Os congressistas, geralmente movidos por uma noção precária das responsabilidades implícitas em seus mandatos de representação popular, têm verdadeira aversão a se expor no debate público de questões controvertidas que possam contrariar seu eleitorado. Não é por outra razão que existe um sólido consenso sobre as “enormes dificuldades” que o governo terá que enfrentar para aprovar no Parlamento propostas essenciais, mas impopulares, como a reforma da Previdência. Os ditos representantes do povo preferem se omitir e, com a cabeça enterrada na areia e o resto da anatomia na clássica posição das emas, ainda se julgam no direito de reclamar de que o STF “usurpa” atribuições do Congresso Nacional.
A decisão dos ministros togados resolve uma questão pendente há 10 anos, quando foi apresentado recurso contra decisão do Tribunal de Justiça fluminense que impediu o desconto no pagamento dos dias parados de grevistas de uma fundação estatal. Só no ano passado o relator do processo no STF, ministro Dias Toffoli, apresentou seu relatório, favorável ao desconto e agora aprovado.

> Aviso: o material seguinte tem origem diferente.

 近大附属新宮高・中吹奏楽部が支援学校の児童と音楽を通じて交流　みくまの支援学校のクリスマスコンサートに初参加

A decisão coloca em foco, além do direito ou não ao recebimento de pagamento durante greve, o conceito de serviço público. O viés populista no trato de questões trabalhistas desde Getúlio Vargas não tem contribuído para o entendimento claro do significado de serviço público. O servidor público, por definição explicitada no próprio título, se distingue do trabalhador no setor privado pela responsabilidade social inextricavelmente vinculada à sua condição. Essa responsabilidade é compensada por privilégios que o trabalhador comum não tem: estabilidade no emprego, que deriva do fato de ser conquistado por concurso público, e aposentadoria integral, esta questionada no âmbito da reforma geral da Previdência Social. Não tem sentido o servidor público reivindicar mais um privilégio, o de não ter descontados de seu salário os dias dedicados a fazer greve.

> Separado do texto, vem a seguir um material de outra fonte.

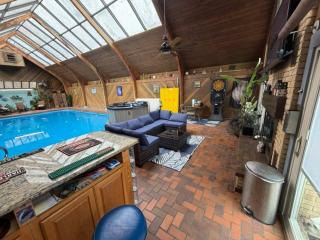 Starved Rock Pool House - 7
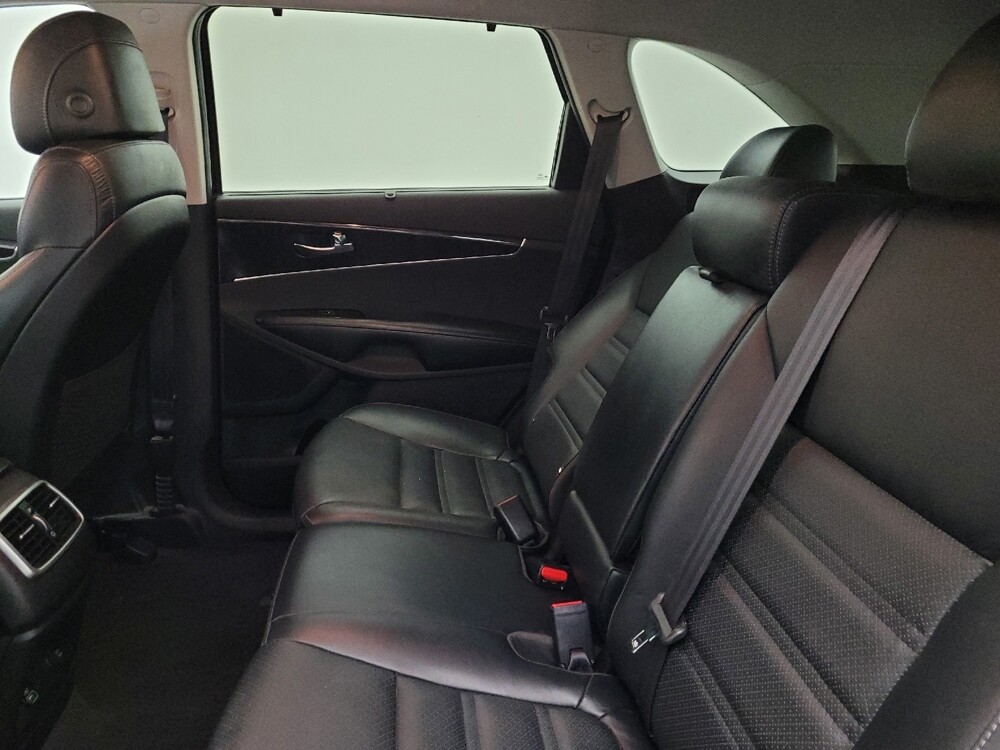 2017 Kia Sorento in Tucson, AZ 85705 - 18094571 18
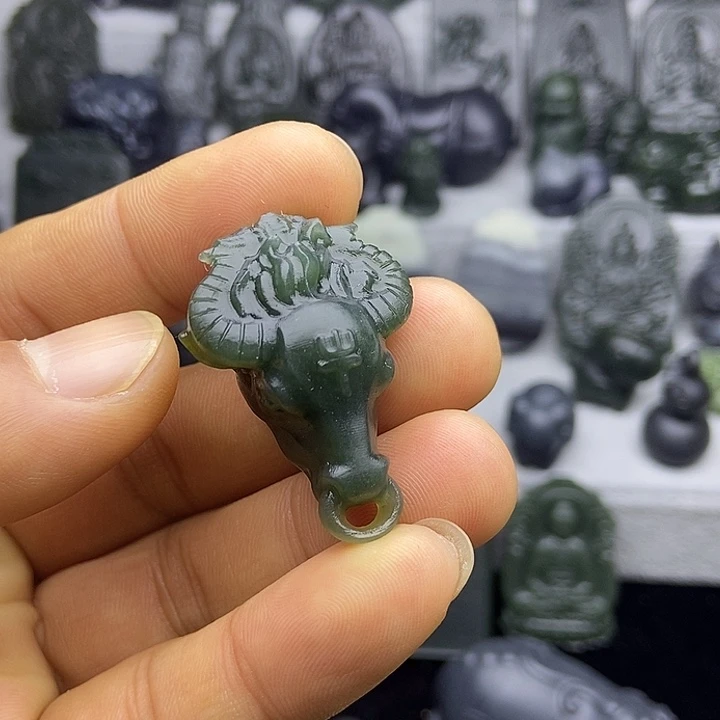 和田玉未镶嵌颈饰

Servir ao público, o que significa servir ao País, implica também não permitir que interesses corporativos se sobreponham ao direito que o conjunto dos cidadãos tem de exigir que lhe sejam prestados os serviços pelos quais paga por meio de taxas e impostos. É por esse motivo que o direito de greve é negado aos servidores públicos na maior parte do mundo, por exemplo, na Inglaterra, Alemanha, Japão e Estados Unidos – neste com exceção de apenas 10 de seus 50 Estados federados. E cabe ainda observar que no Brasil o direito de greve é garantido apenas a servidores civis de categorias não envolvidas em atividades essenciais à segurança da população.
Como era de esperar, os sindicalistas manipulados pelo lulopetismo reagiram mal à decisão do STF. Entidade ligada à Central Única dos Trabalhadores (CUT), a Confederação dos Trabalhadores do Serviço Público Federal manifestou-se em tom de bravata: “Nossa categoria não é de recuar com esse tipo de intimidação”. Entendem esses sindicalistas que a Suprema Corte faz parte da conspiração contra as manifestações antigovernistas que estão sendo planejadas como preparação para uma greve geral em novembro.
Como nota hilária desse episódio, em sintonia com o sentimento “popular” o ministro Lewandowski, voto vencido no STF, afirmou ter “muita resistência a estabelecer condições unilaterais para o exercício de um direito constitucional”. A julgar pelo que engendrou no último ato do julgamento do impeachment de Dilma Rousseff, não parece.